Was der User denn am Abend gesehen hat, war nicht so schwer herauszufinden. Es war wahrscheinlich „maybrit illner“, die sich mit dem Thema „Griechen zwangsgerettet – Euopa gespalten?“ in die Sommerpause verabschiedete.

Der Griechen-Soli

In der etwa einstündigen Sendung kam auch jener Vorschlag des Mannheimer Wirtschaftswissenschaftlers Clemens Fuest zur Sprache. Dieser hatte nämlich am selben Tag in einem Gastbeitrag in der „Frankfurter Allgemeine“ vorgeschlagen, den Solidaritätszuschlag für drei Jahre von 5,5% auf 8% zu erhöhen.

Was hat Clemens Fuest mit der Regierung zu tun?

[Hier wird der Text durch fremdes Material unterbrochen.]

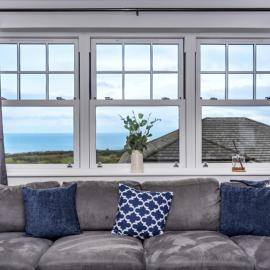 Le Morne – Luxury Coastal Escape with Hot Tub & Sea Views, Hotel in Abergele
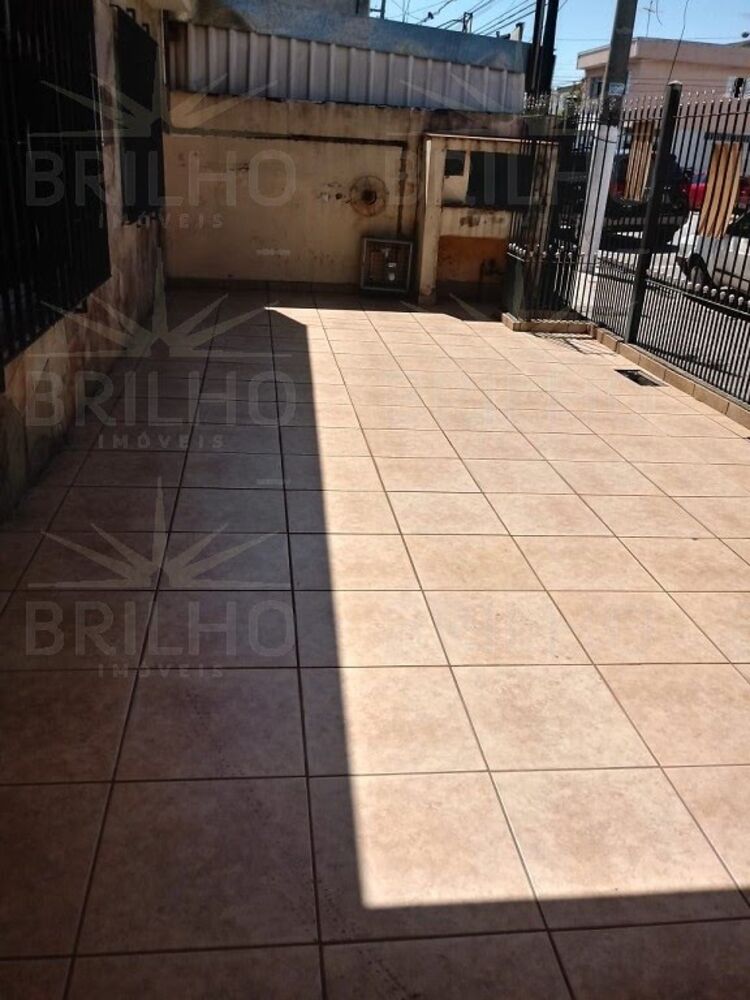 Casa para alugar com 3 quartos, 150m² - Foto 3
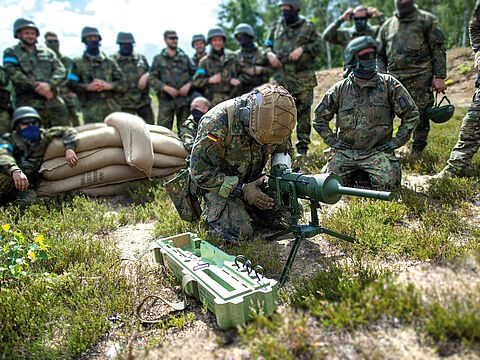Im Rahmen der Ausbildungsunterstützung wurden ukrainische Soldaten unter anderem in der Beseitigung von Minen trainiert. Foto: Bundeswehr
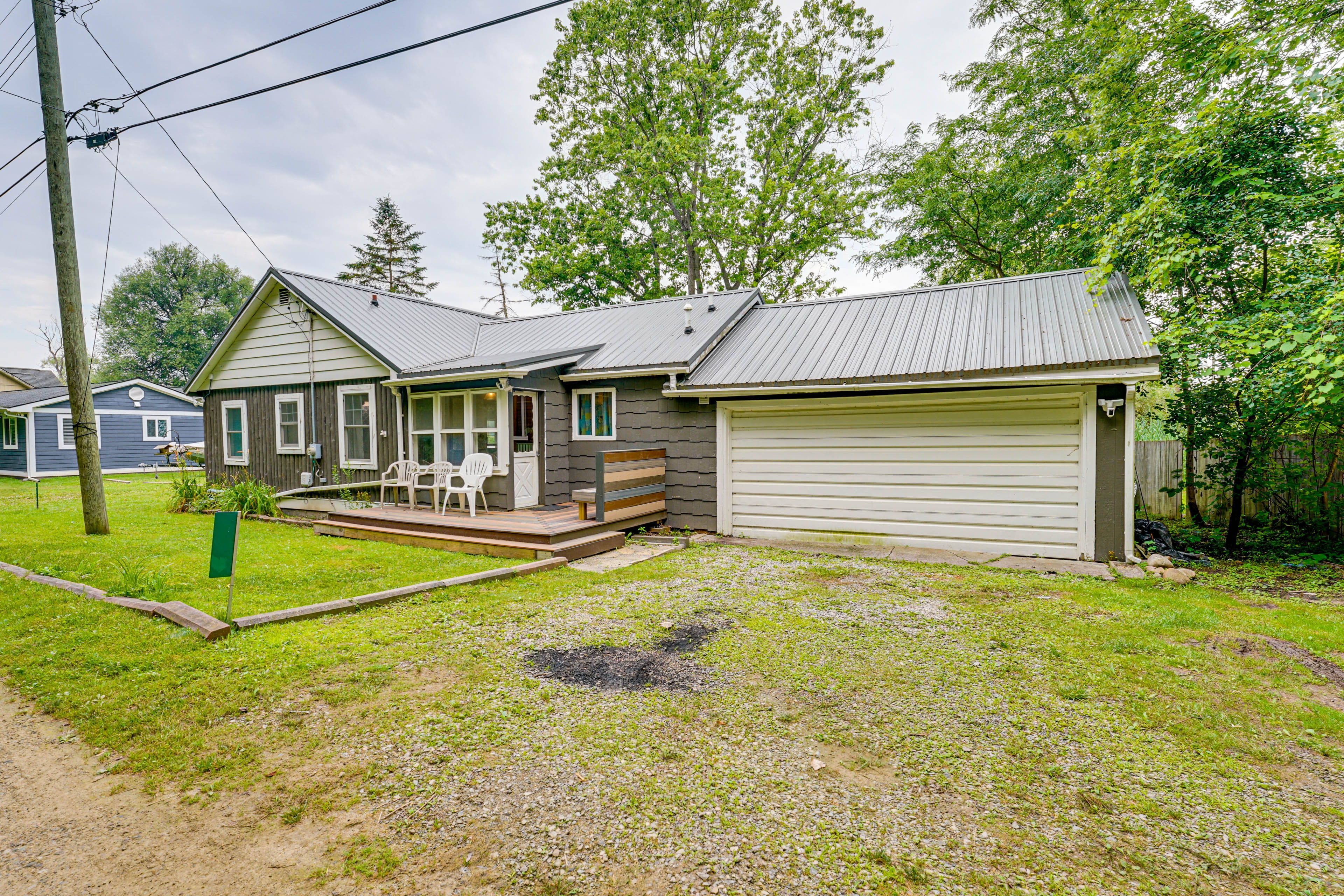 Parking | Driveway (2 Vehicles)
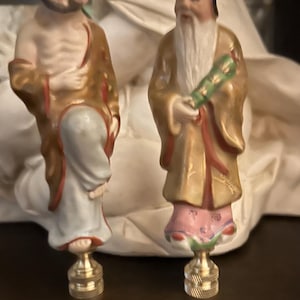 A Pair Of Exquisite Vintage Hand Painted Porcelain male Figural Lamp Finials Asian Decorative Lighting Accessories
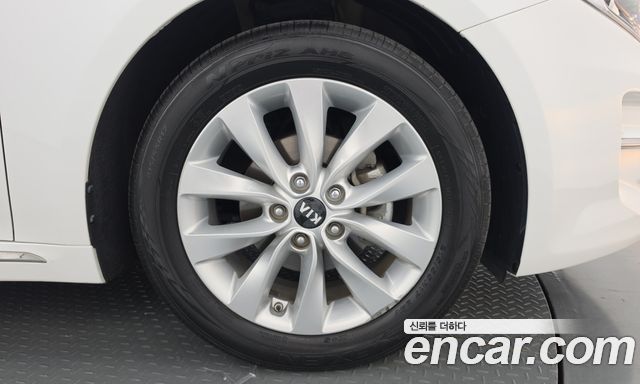 Kia K5 (II) 2.0 MX Prestige 2016 — фото 21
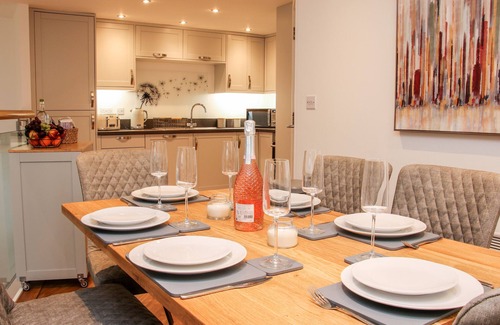 Shrewsbury Cottage | 6 THE ENGINE SHED, family friendly, with a garden in Shrewsbury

Einiges. Durch sein Wissen als Ökonom und Wirtschaftswissenschaftler steht er auch im engen Austausch mit dem Bundesfinanzministerium, seine Vorschläge werden durchaus auch in finanzielle Überlegungen mit einbezogen.

Also beschlossene Sache?

Mitnichten. Clemens Fuest macht Vorschläge, er ist aber kein Teil der Regierung. Die Aussage des Statusbeitrages, dass „die Regierung“ diese Soli-Erhöhung also bereits beschlossen habe, ist schlichtweg falsch.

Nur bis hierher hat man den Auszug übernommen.